Crawled caption data »
=====

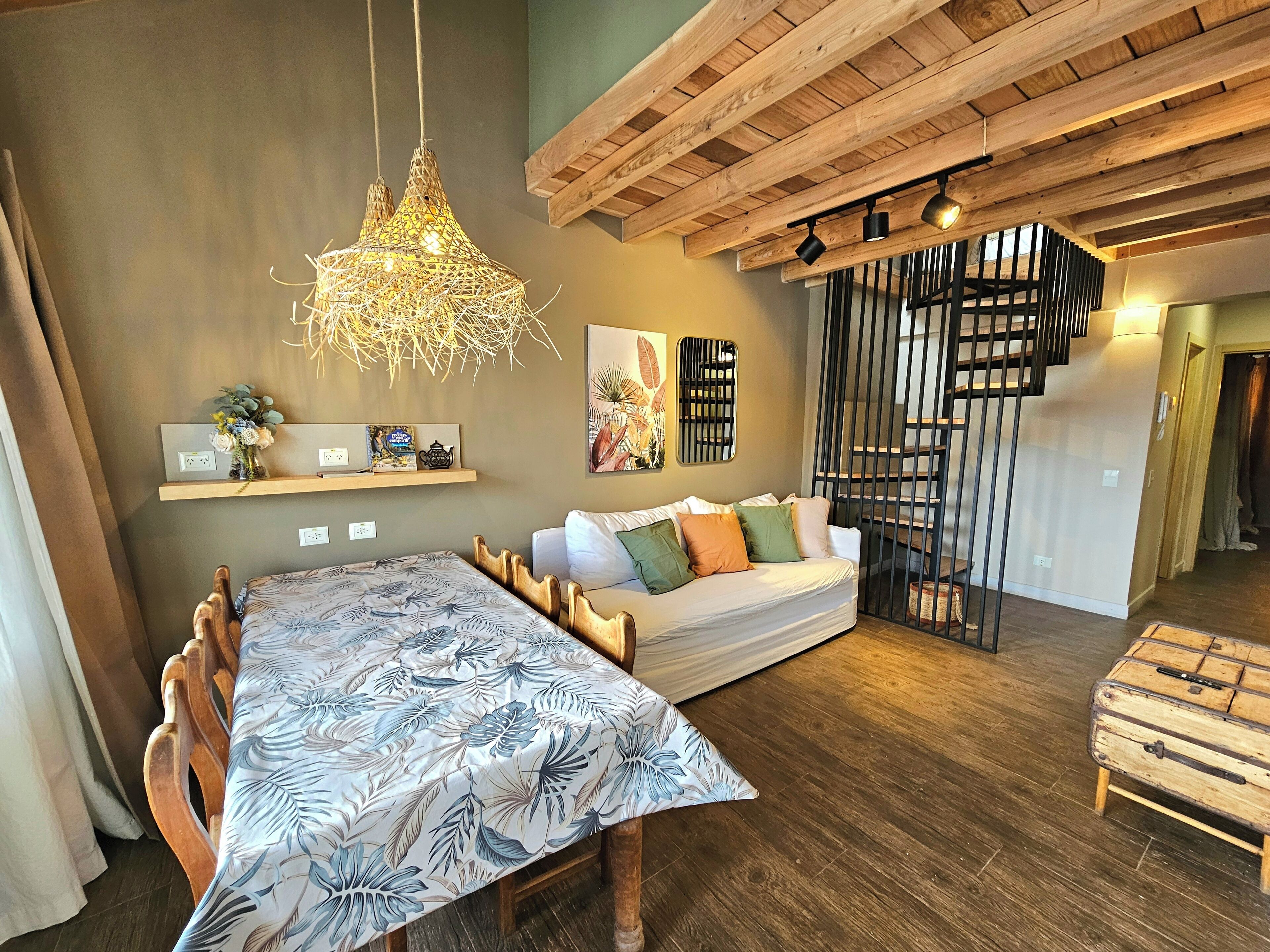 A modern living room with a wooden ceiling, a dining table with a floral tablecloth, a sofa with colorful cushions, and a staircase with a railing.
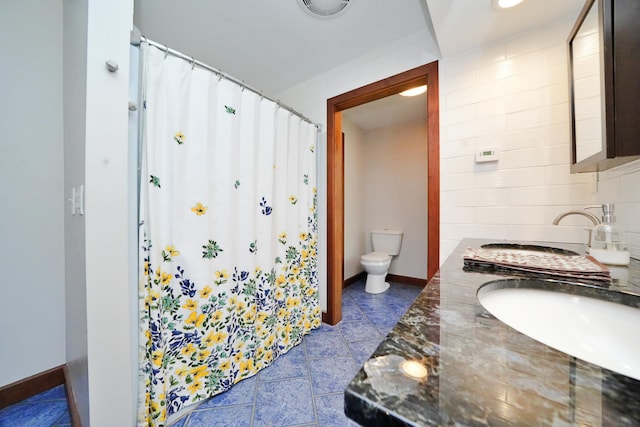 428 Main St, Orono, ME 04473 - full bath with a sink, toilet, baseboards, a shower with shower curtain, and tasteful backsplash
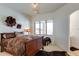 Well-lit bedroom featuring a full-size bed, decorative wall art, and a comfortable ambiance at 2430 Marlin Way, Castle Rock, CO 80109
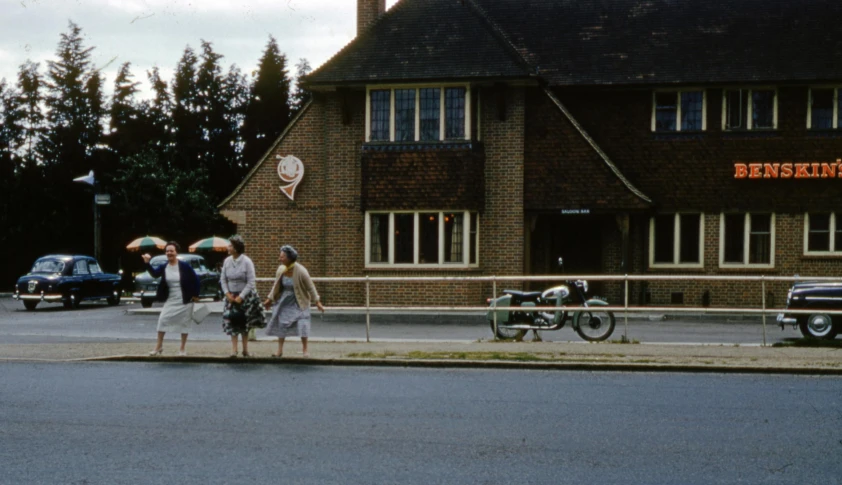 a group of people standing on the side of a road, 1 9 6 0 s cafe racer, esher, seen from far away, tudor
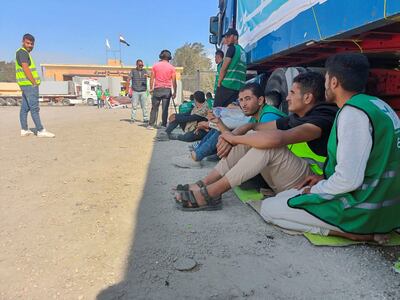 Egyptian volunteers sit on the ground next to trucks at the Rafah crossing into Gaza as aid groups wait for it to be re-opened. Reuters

=====

Required action » Each record, word for word, should be printed again without its pictures.

Response to the exercise »
 A modern living room with a wooden ceiling, a dining table with a floral tablecloth, a sofa with colorful cushions, and a staircase with a railing.
 428 Main St, Orono, ME 04473 - full bath with a sink, toilet, baseboards, a shower with shower curtain, and tasteful backsplash
 Well-lit bedroom featuring a full-size bed, decorative wall art, and a comfortable ambiance at 2430 Marlin Way, Castle Rock, CO 80109
 a group of people standing on the side of a road, 1 9 6 0 s cafe racer, esher, seen from far away, tudor
 Egyptian volunteers sit on the ground next to trucks at the Rafah crossing into Gaza as aid groups wait for it to be re-opened. Reuters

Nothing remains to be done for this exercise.